6.When we used vectors in the dtmfdial in the warmup, we just concatenated to the end of the vector dtmfdial=[dtmfdial,xx]. For this portion, how do you concatenate to the end of hh, so that it forms new rows after it gets to the end of the previous row?

ANSWER: The following code will put “col_vector” into the i-th column of hh:

hh(:,i) = col_vector;

(f) Simple Bandpass Filter Design (dtmfdesign.m)

1. I don’t know if I’m using the right technique for determining L. I used the function in the lab report without beta, and calculated the impulse response. Then I used freqz to find the frequency response. I divided the magnitude of the frequency response by the largest value to scale it. I’ve changed L approximately 20 times and I have never noticed a difference. Shouldn’t I be dividing by L somewhere ?

ANSWER: NO, your scaling is taking care of L. If you looked at your scale factor closely you’d see that it depends on L. The bandwidth should change. The peak value should stay the same. If the bandwidth does not change, then you have a bug.
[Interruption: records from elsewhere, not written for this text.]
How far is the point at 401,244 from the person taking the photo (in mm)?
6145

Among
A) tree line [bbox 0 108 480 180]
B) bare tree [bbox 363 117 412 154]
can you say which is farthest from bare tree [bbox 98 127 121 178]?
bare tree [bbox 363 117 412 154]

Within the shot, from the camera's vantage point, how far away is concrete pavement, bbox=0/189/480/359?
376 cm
2. Given that the passband is where |h| is above .707, and the stopband is where |h| is below .2, I am measuring these values off the y axis. To get a value for L so that they are all below .2 is where I’m having trouble. Even with large values of L, I get little spikes above .2. Do these matter? What range should our L be in? What is the region between the passband and the stopband? As long as our spikes don’t go above .707 are we okay?
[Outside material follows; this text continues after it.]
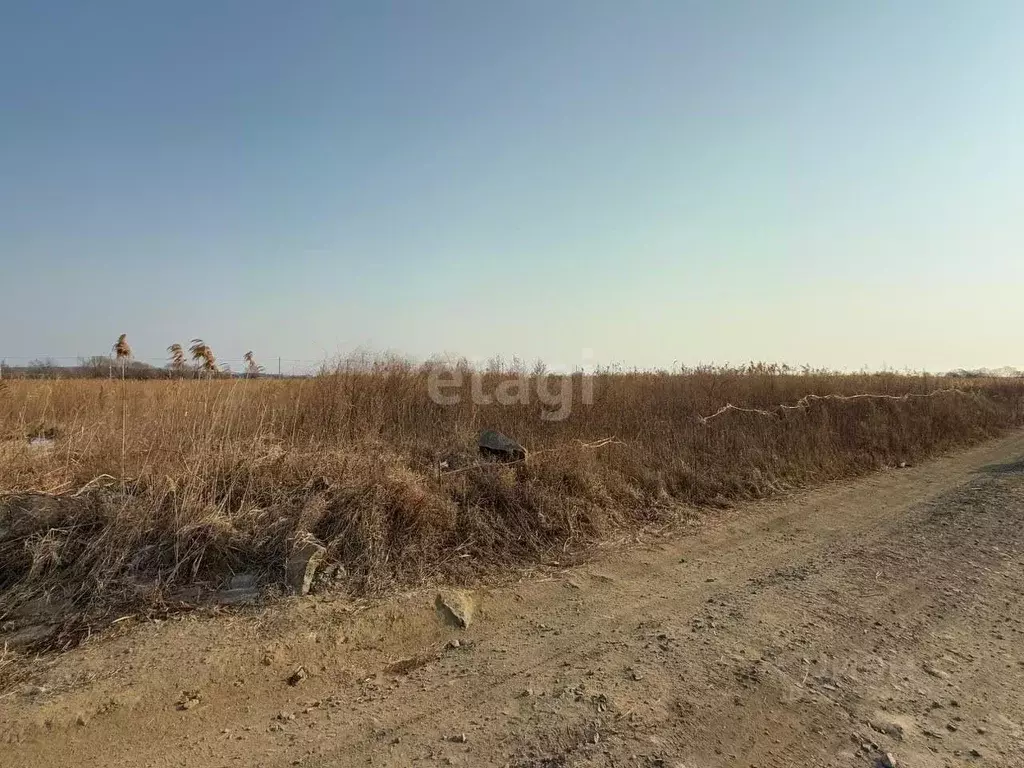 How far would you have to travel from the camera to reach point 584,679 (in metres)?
3.10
ANSWER: Just define the stopband to start outside the location where you have peaks above 0.2. The region between is called the TRANSITION ZONE. Every filter has that region because the frequency response is a continuous function. There has to be some region where the frequency response gets from the passband to the stopband. As long as you have a narrow passband you’re OK. You want to get one DTMF frequency in the passband and all the others in the stopband for each BPF for the value of L.
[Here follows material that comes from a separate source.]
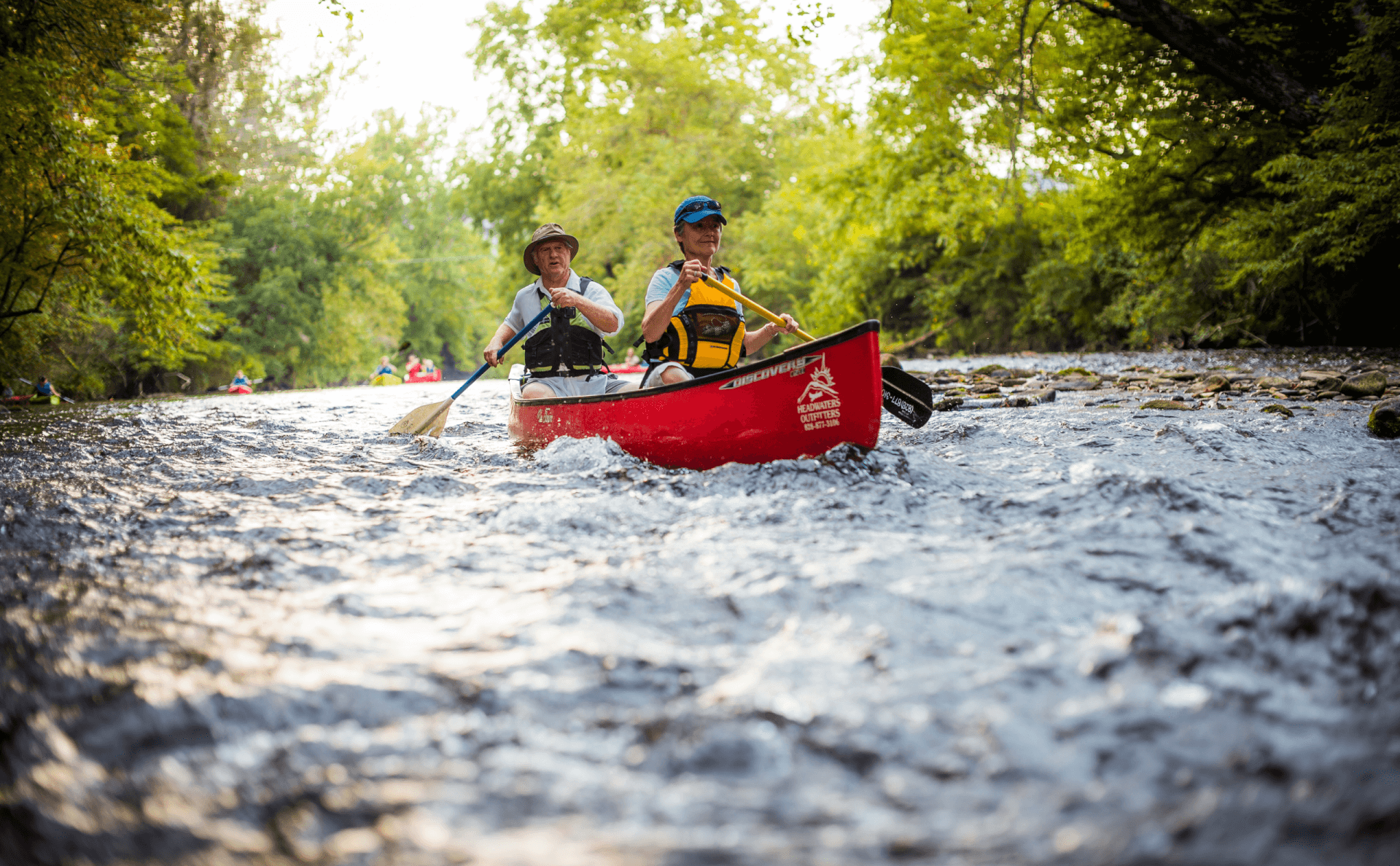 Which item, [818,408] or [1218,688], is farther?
[818,408]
3. This part asks us to pick L so that “only one frequency lies with in the passband…..”. I am confused because there seem to be two ways to interpret this. (1) the curve is so narrow that it looks like a straight line, therefore only “one” frequency gets passed. (2) the curves above 0.707 don’t overlap, so one frequency component lies in the passband. Which one is right?

ANSWER: Either one might be right. In this case it is more like (1) because you have to get all the other DTMF frequencies in the stopband, which is defined to be the region where |H|<0.2

4. I am assuming that L has to be larger than 100 to get the rest of them in the stopband. Is this accurate?

ANSWER: Probably. That is one reason the lab suggests trying L=100.

5. In section 4.1(f), we are supposed to find ‘L’ that allows only one frequency response in the passband, and all others in stopband. I did this by graphing all frequency responses together and looking at graph to pick which L did this best, and got a rather large L. Later in the lab, we are supposed to test dtmfrun with various values of L and choose the smallest one that returns the correct key numbers. I got a relatively small value of L here. So my question is: are we supposed to get different values of L?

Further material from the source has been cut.